===== PROVIDED MATERIAL =====
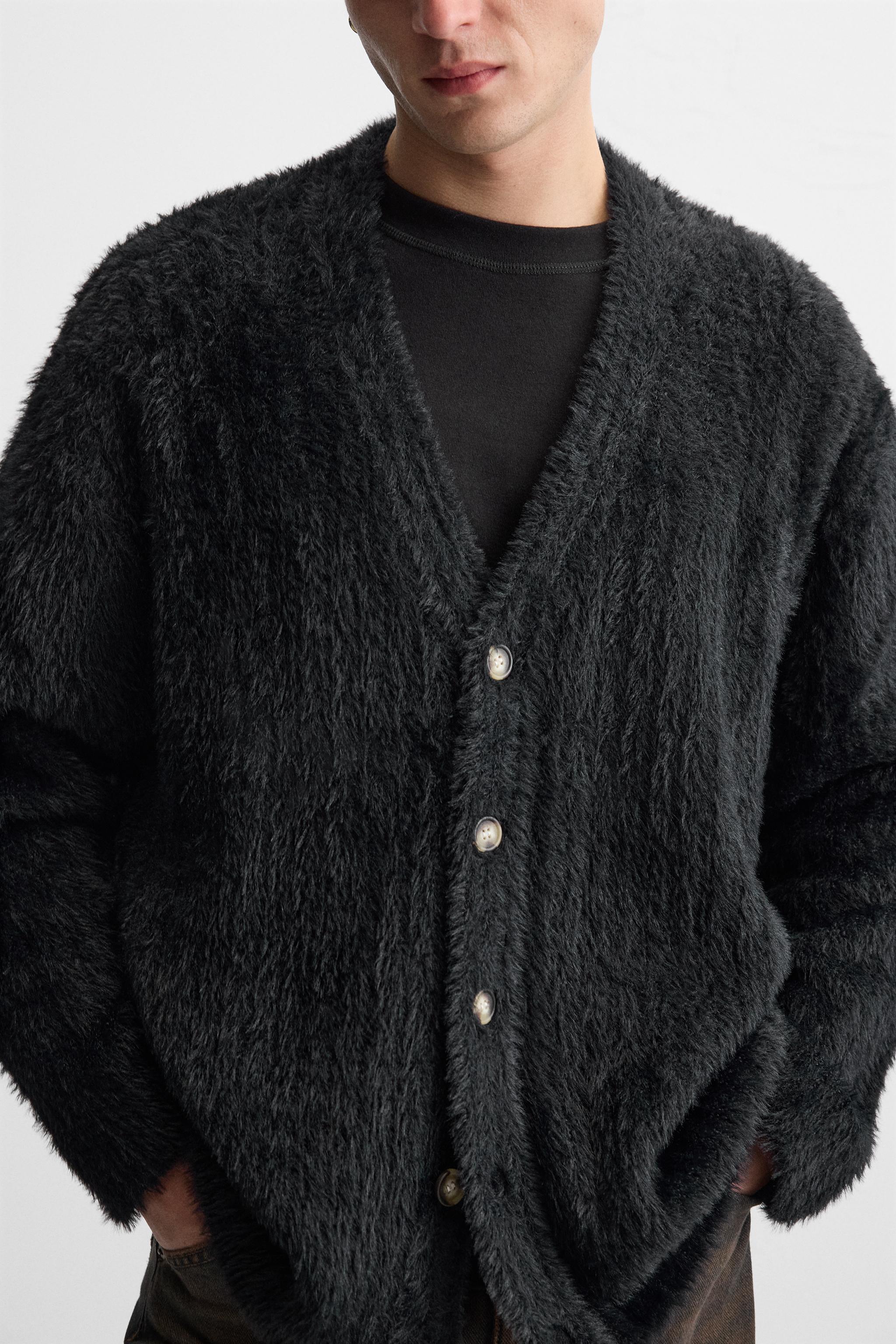 テクスチャードリブ編みカーディガン - ブラック | ZARA Japan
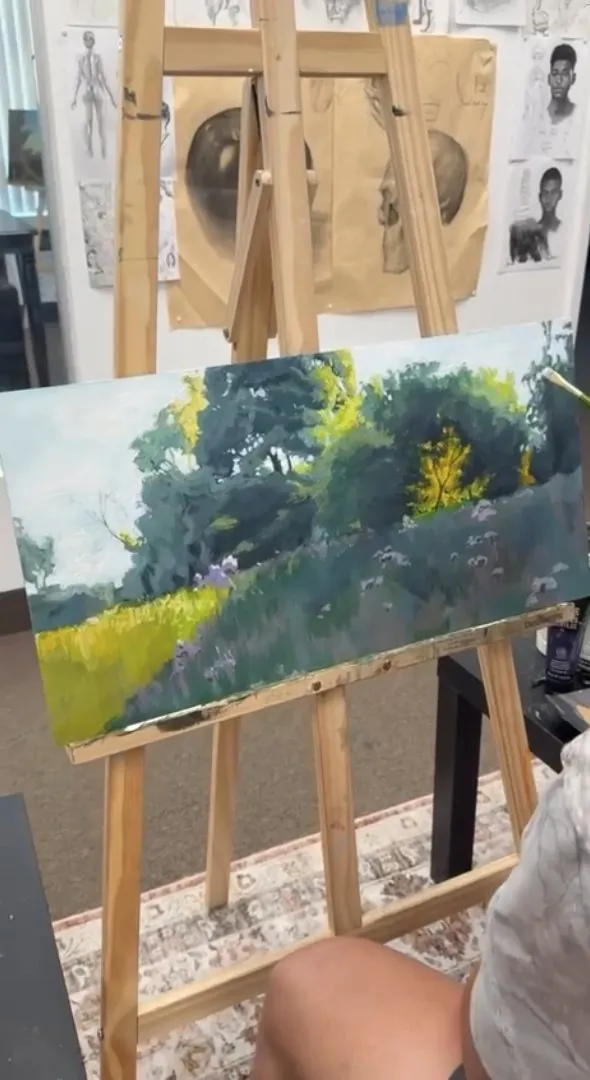 Impressionistic landscape painting in progress
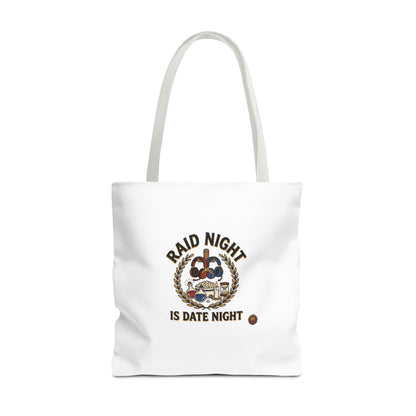 Raid Night Is Date Night Tote Bag — Military Police Themed Canvas Tote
=====
**DIRECTIONS**:
Would you print the whole listing exactly, omitting the pictures?

**RESULT OF THE EXERCISE**:
 テクスチャードリブ編みカーディガン - ブラック | ZARA Japan
 Impressionistic landscape painting in progress
 Raid Night Is Date Night Tote Bag — Military Police Themed Canvas Tote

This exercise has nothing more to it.